Every word can be represented as a sequence of consonants and vowels. Let’s denote a consonant with “c”, and a sequence of consonants of length greater than 0 with “C”. Similarly, “v” is a vowel and “V” a sequence of vowels of length greater than 0. Then, every word has one of the four forms

  • CVCV…C
  • CVCV…V
  • VCVC…C
  • VCVC…V

or as a single form

[C]VCVC...[V]

where square brackets denote the arbitrary presence of their contents. The above expression also can be written as

[C][VC]^{m}[V]

where m is called the measure of the word. Some world examples with different m are:

  • m = 0 (tree, by, why)
  • m = 1 (oats, trees, ivy)
  • m = 2 (private, oaten, banana)

To remove common suffixes, Porter stemmer applies more than 50 rules, grouped in 5 steps and some substeps. All rules have a form

(condition) S1 -> S2

This means that if a word has the suffix S1 and the part before suffix (stem) satisfies the condition, we replace S1 with S2. Also, some rules don’t have conditions. Below are some rules with word stemming examples:

  • SSES -> SS (caresses -> caress)
  • S ->  (cats -> cat)
  • (m > 0) EED -> EE (agreed -> agree, feed -> feed)
  • (m > 0) ATOR -> ATE (operator -> operate)
  • (m > 1) ER ->  (airliner -> airlin)
  • (m > 1 and (*S or *T)) ION ->  (adoption -> adopt)

6. Lancaster Stemming Algorithm

Lancaster is one of the most aggressive stemmers as it tends to over stem many words. Like the Porter stemmer, the Lancaster stemmer consists of a set of rules where each rule specifies either deletion or replacement of an ending. Also, some rules are restricted to intact words, and some rules are applied iteratively as the word goes through them.

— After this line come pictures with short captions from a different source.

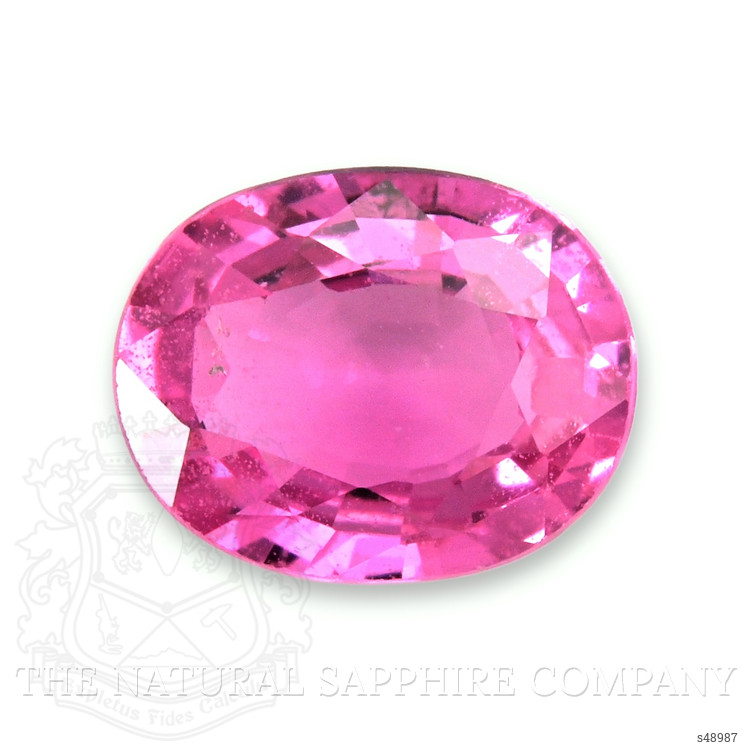 1.06 Ct. Pink Sapphire from Ceylon (Sri Lanka)
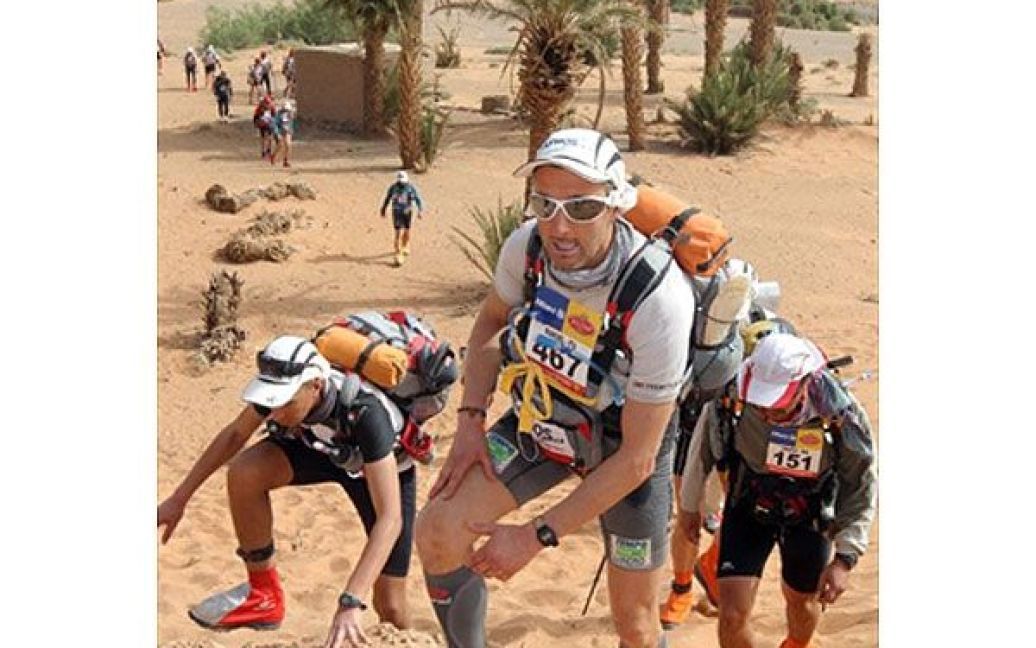 В пустелі Сахара пройшов 26-ий Піщаний марафон (Marathon des Sables) / © AFP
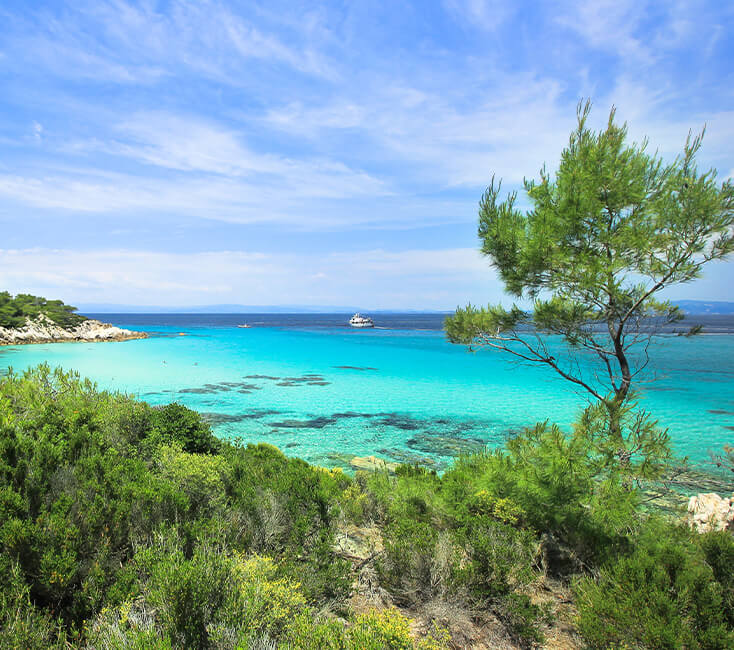 Kassandra chalkidiki schönster strand Die besten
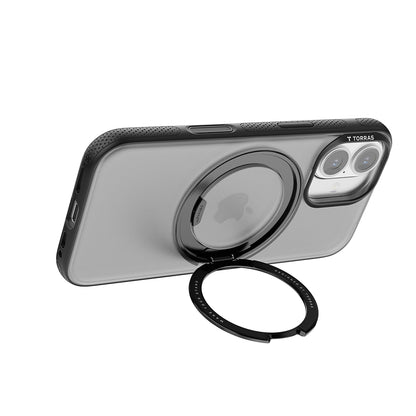 Θήκη MagSafe για Apple iPhone 17, Torras, Ostand R Fitness, Διαφανής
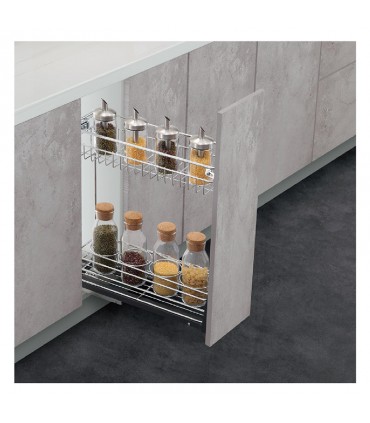 ecoWare Multi-function Two Layers Pull Out Basket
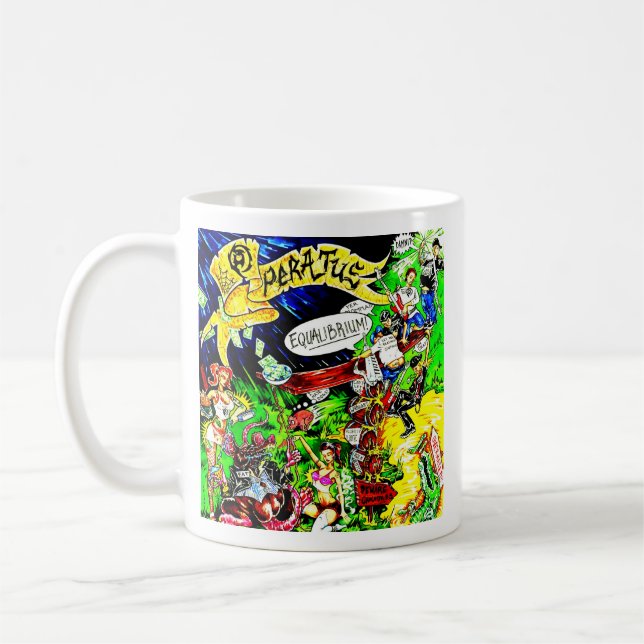 peratus Album-Tasse Kaffeetasse (Links)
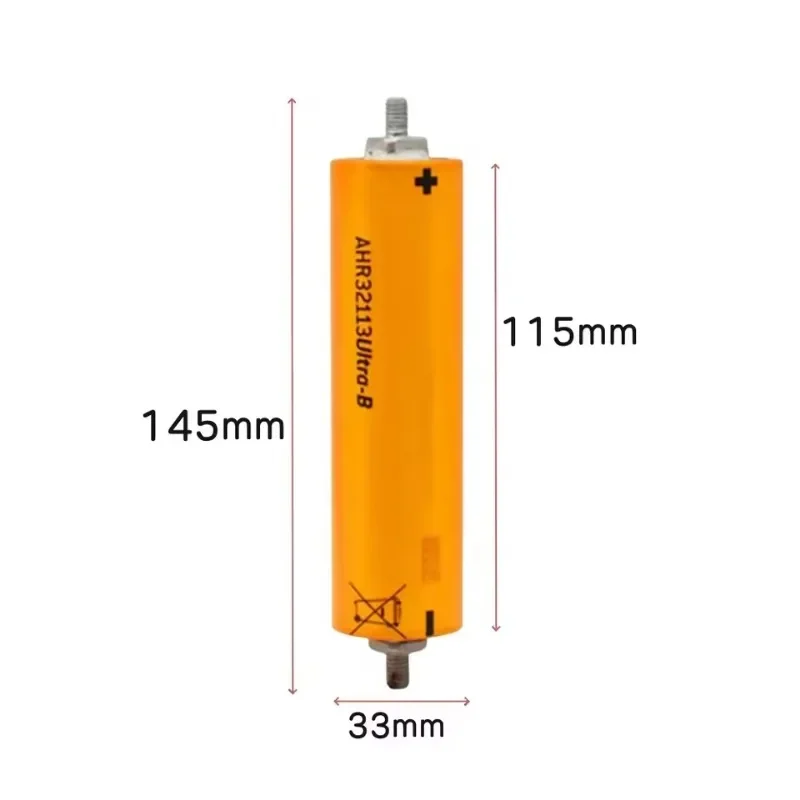Литий-железо-фосфатный аккумулятор большой емкости 3 2 В 4000 мАч мощность LiFePO4 для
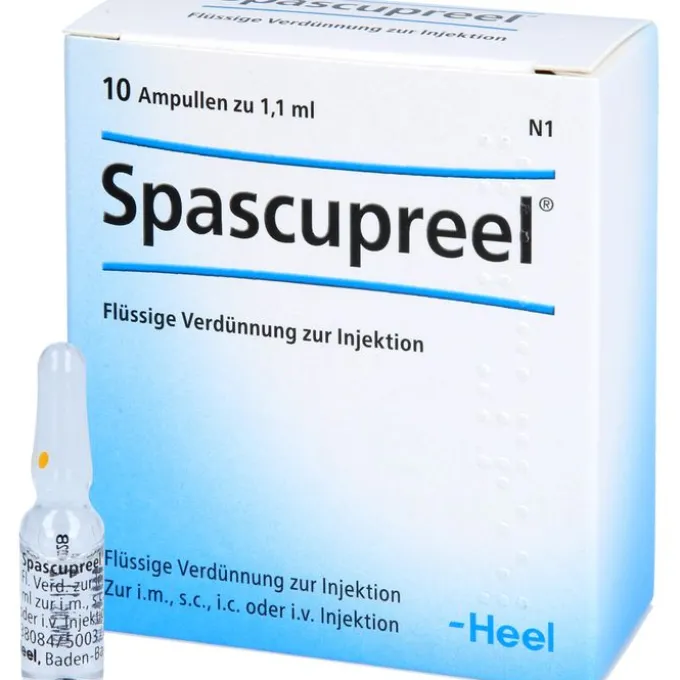 SPASCUPREEL Ampullen 10 St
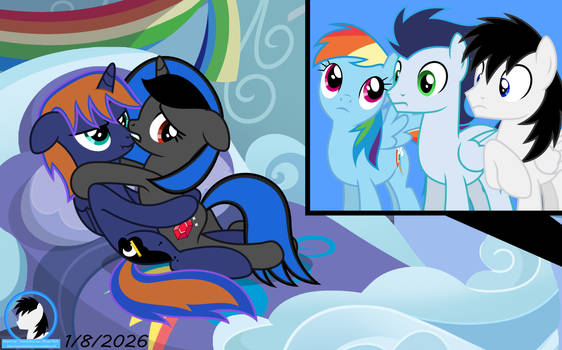 Who did came to my room on your friends?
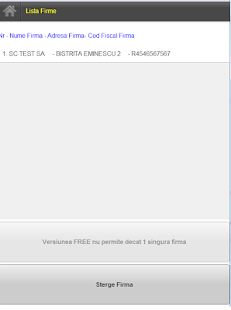 Facturi Mobile Screenshots 2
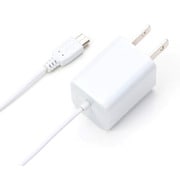 スマートフォン用 iCharger micro USB電源アダプタ ホワイト PG-SPMUAC07WH
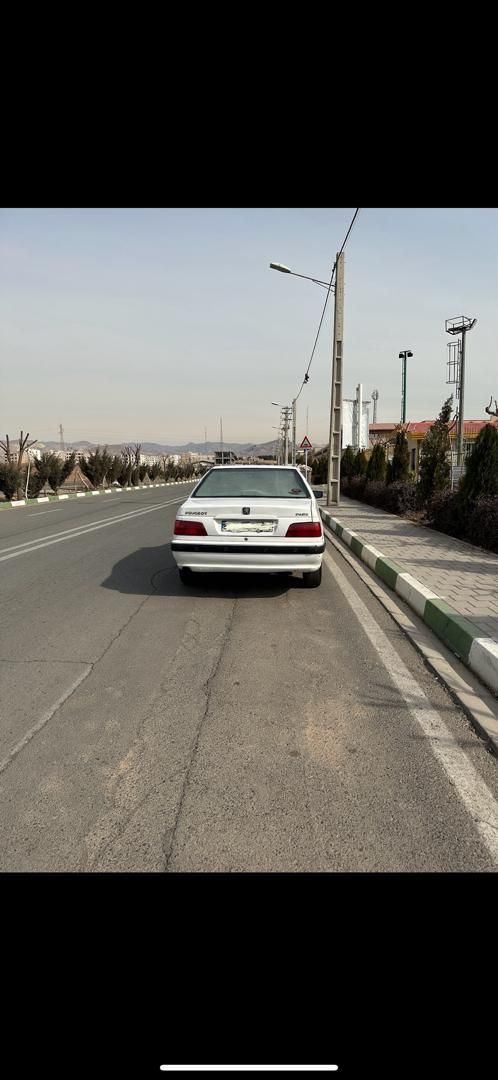 پژو پارس ELX-XU7P سفارشی - 1394
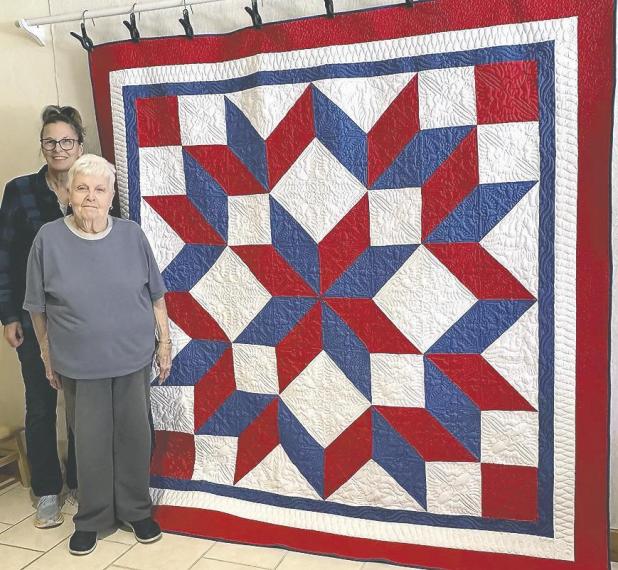 PATRIOTIC QUILT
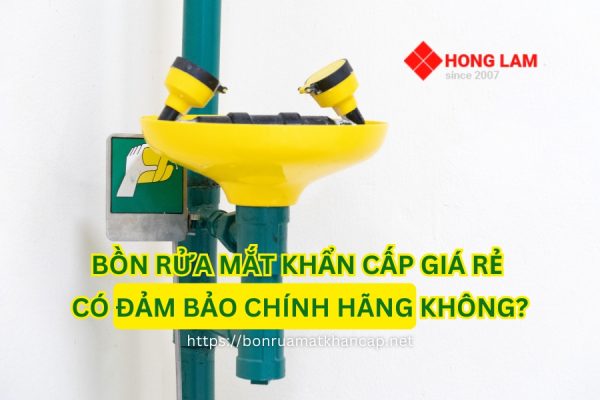 Lắp Đặt Bồn Rửa Mắt Khẩn Cấp Giá Rẻ Có Đảm Bảo Chính Hãng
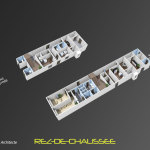 Concepts de rdc pour aménagement de bureaux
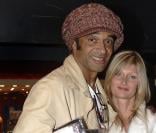 Yannick Noah et Isabelle Camus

Because of more strict rules, there are two additional conditions to prevent the stemming of various short-rooted words:

  • If the word starts with a vowel, then at least two letters must remain after stemming (owing -> ow, but not ear -> e).
  • If the word starts with a consonant, then at least three letters must remain after stemming, and at least one of these must be a vowel or “y” (saying -> say, but not string -> str).

Lancaster stemmer has more than 100 rules, around double that of Porter stemmer. Also, the authors defined rules using different notation than Porter’s stemming rules. Each rule has five components, two of which are optional:

[ending in reverse][optional intact flag “*”][remove total letters][optional append string][continuation symbol, “>” or “.”]

In particular, here are some examples of the rules:

  • “sei3y>” – if the word ends with “ies”, then replace the last three letters with “y” and then apply the stemmer again to truncated form.
  • “mu*2.” – if the word ends with “um” and if the word is intact, then remove the last 2 letters and terminate.
  • “nois4j>” – replace the ending “sion” with “j” and apply the stemmer again.

7. Conclusion

In this article, we’ve explained Porter and Lancaster stemming algorithms. In brief, there are two main differences between them:

  • Porter is the most popular stemming algorithm, and it’s a default option in most NLP projects.
  • Lancaster is one of the most aggressive stemming methods. Approximately, it has two times more stemming rules than the Porter method and tends to over stem a lot of words.

In most NLP projects, Porter’s stemming algorithm will give more meaningful results, but sometimes Lancaster stemmer might be worth trying.